# MTH101 Computer Aided Mathematics 1 with Applications (8)

This subject provides an introduction to calculus and linear algebra, with an emphasis on understanding and applications addressed in geometry, physics, economics and environmental modelling. A symbolic algebra package Maple is used to assist with computation. Every topic will be presented geometrically, numerically and algebraically. Formal definitions will be based on investigation and practical problems.

##### Subject Outlines
Current CSU students can view Subject Outlines for recent sessions.

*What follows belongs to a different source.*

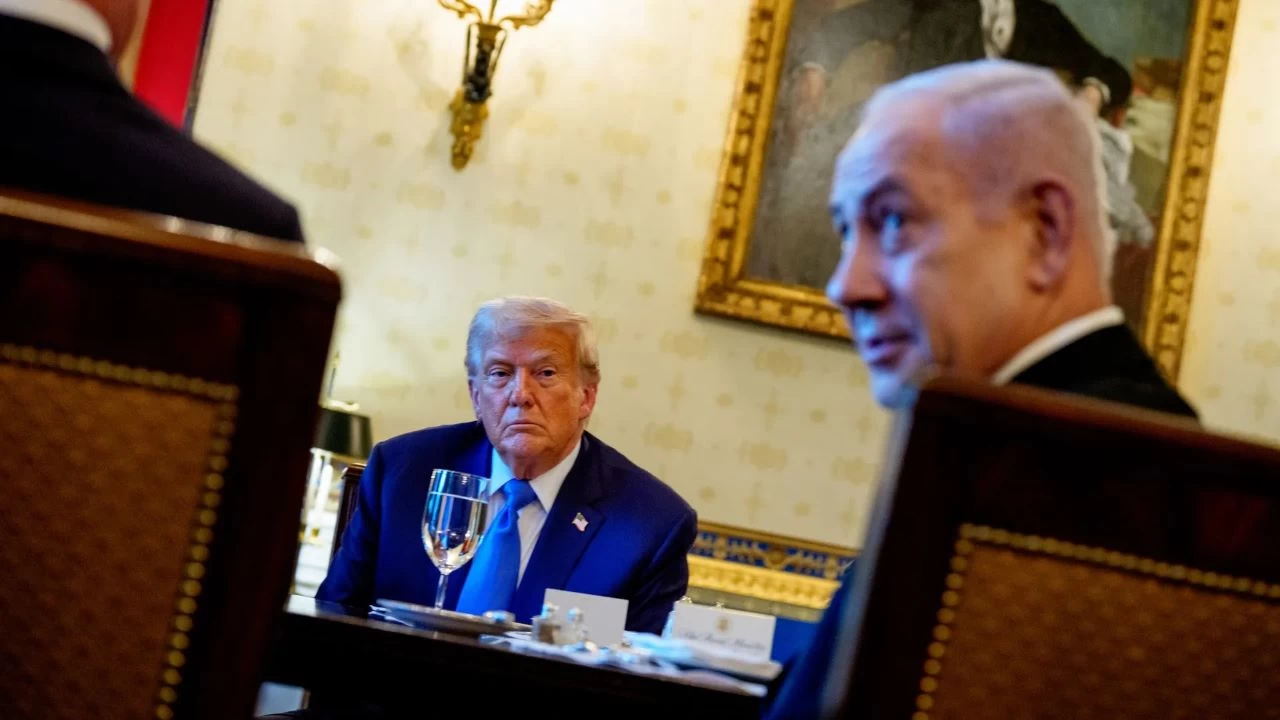 Trump, Netanyahu'dan rahatsz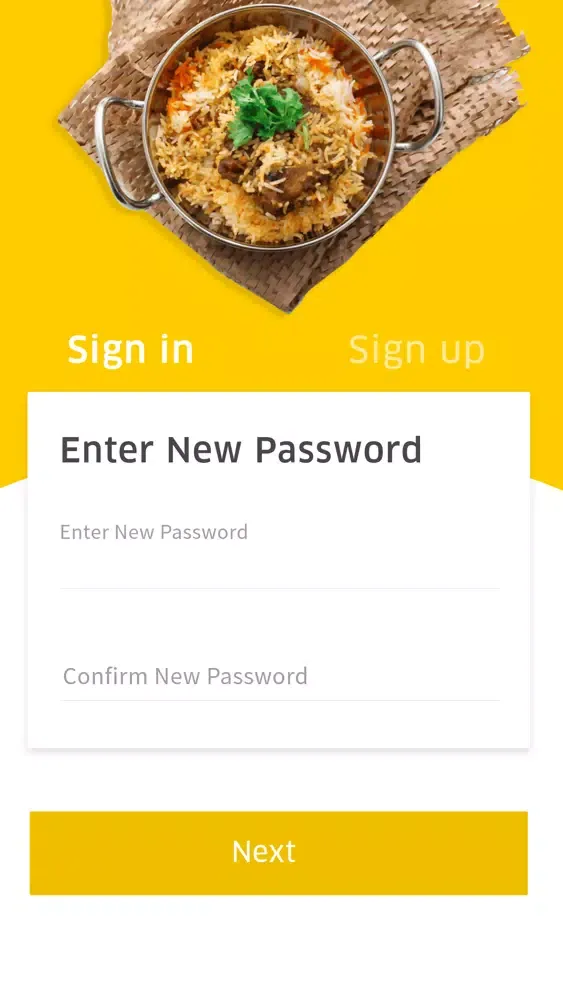 Appieatz Instant Food Delivery 스크린샷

Please note that Subject Outlines and assessment tasks are updated each session.

## Availability

Session 1 (30)
On Campus
Albury-Wodonga Campus
Bathurst Campus
Wagga Wagga Campus
Online
Wagga Wagga Campus
Session 2 (60)
Online
Wagga Wagga Campus

Continuing students should consult the SAL for current offering details: MTH101. Where differences exist between the Handbook and the SAL, the SAL should be taken as containing the correct subject offering details.

## Subject Information

HD/FL

One session

##### School

School of Computing and Mathematics

##### Assumed Knowledge

This subject assumes that students have some knowledge of HSC Mathematics (previously called 2 Unit Mathematics).

## Learning Outcomes

##### Upon successful completion of this subject, students should:
• Be able to graph and solve equations involving the most common functions including algebraic, exponential, logarithmic and trigonometric functions;
• Be able to calculate limits;
• Be able to differentiate simple functions, including implicit functions;
• Be able to use derivatives in applications, including rates of change, graphing, optimisation and approximation;
• Be able to integrate simple functions, analytically and numerically;
• Be able to use integrals in applications, including area, volume, arclength and average;
• Be able to describe the connections between a function, its derivative and its integral;
• Be able to solve systems of linear equations;
• Be able to perform addition, subtraction, scalar multiplication, matrix multiplication, transposition and inversion of matrices;
• Be able to calculate a determinant of a matrix;
• Be able to calculate eigenvalues and eigenvectors of a matrix;
• Be able to use differentiation, integration and linear algebra to solve a wide range of applied problems;
• Be able to use Maple to help solve mathematical problems.

## Syllabus

##### This subject will cover the following topics:

Functions and graphs;
Limits and continuity;
The derivative;
Derivative rules;
Applications of the derivative;
The definite integral;
Integration rules;
Numerical methods of integration;
Applications of the integration;
Solving systems of linear equations;
Matrices, determinants and eigenvalues.